Screenshorts: Problem or opportunity?
Posted July 3, 2015on:
Yes, screenshorts. Not just screenshots.
Screenshorts are images of text, images, or whatever happens to be on your device’s screen. The Buzzfeed article embedded above describes screenshorts as a way to overcome Twitter’s 140-character limit.
This is a sociotechnical phenomenon. There is a technical barrier (the character limit in Twitter) and a workaround (you can embed a picture of practically anything in Twitter). A few people started embedded pictures of longer form text and more people adopted the practice because it worked.
I use this strategy to provide a hook, summary, or concept bite of a larger resource I share. It might help to think of this as serving up a movie trailer and a direct link to the movie.
My favourite tool for creating screenshorts is OneShot because it allows cropping, highlighting, and auto-finding the URL of the article. The last feature is not always accurate and you have the option of using the URL copied to the clipboard.
However, the problem with screenshorts is that images in Twitter do not help the visually-impaired. While we have optical character recognition (OCR) technology, it does not seem to have extended yet as a web or mobile standard.
So a solution that helps many seems to have become a problem for some. But that problem is an opportunity.
The maker of OneShot suggested that screen readers for the visually-impaired be further developed to include OCR of screenshorts.
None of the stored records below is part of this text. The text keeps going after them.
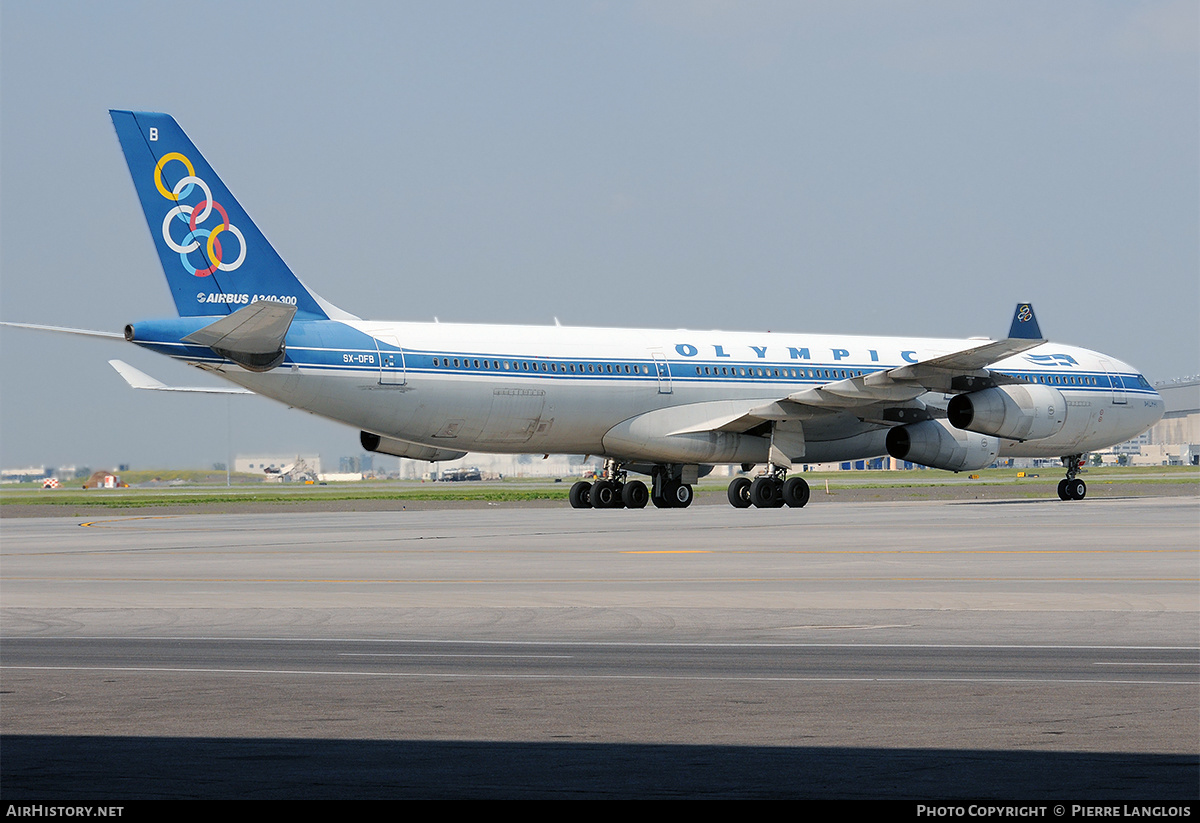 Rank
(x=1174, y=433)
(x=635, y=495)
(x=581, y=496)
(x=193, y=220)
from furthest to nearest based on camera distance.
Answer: (x=1174, y=433), (x=581, y=496), (x=635, y=495), (x=193, y=220)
That could be a parallel effort alongside a longer term solution of web and mobile standards to decode and tag screenshorts.
In the meantime, there is already a commonly employed workaround. Instead of just taking screenshots, sharers also include a link to the original source. This is not a solution in that the original source is larger than the shared selection. But it is a workaround in that a screenreader is likely able to process the original source.
As with most things, technology outpaces human readiness. It is important to realize that we invent the technology and we create the problems that arise. But these problems might be opportunities for even better work. We need only treat them as such instead of complaining.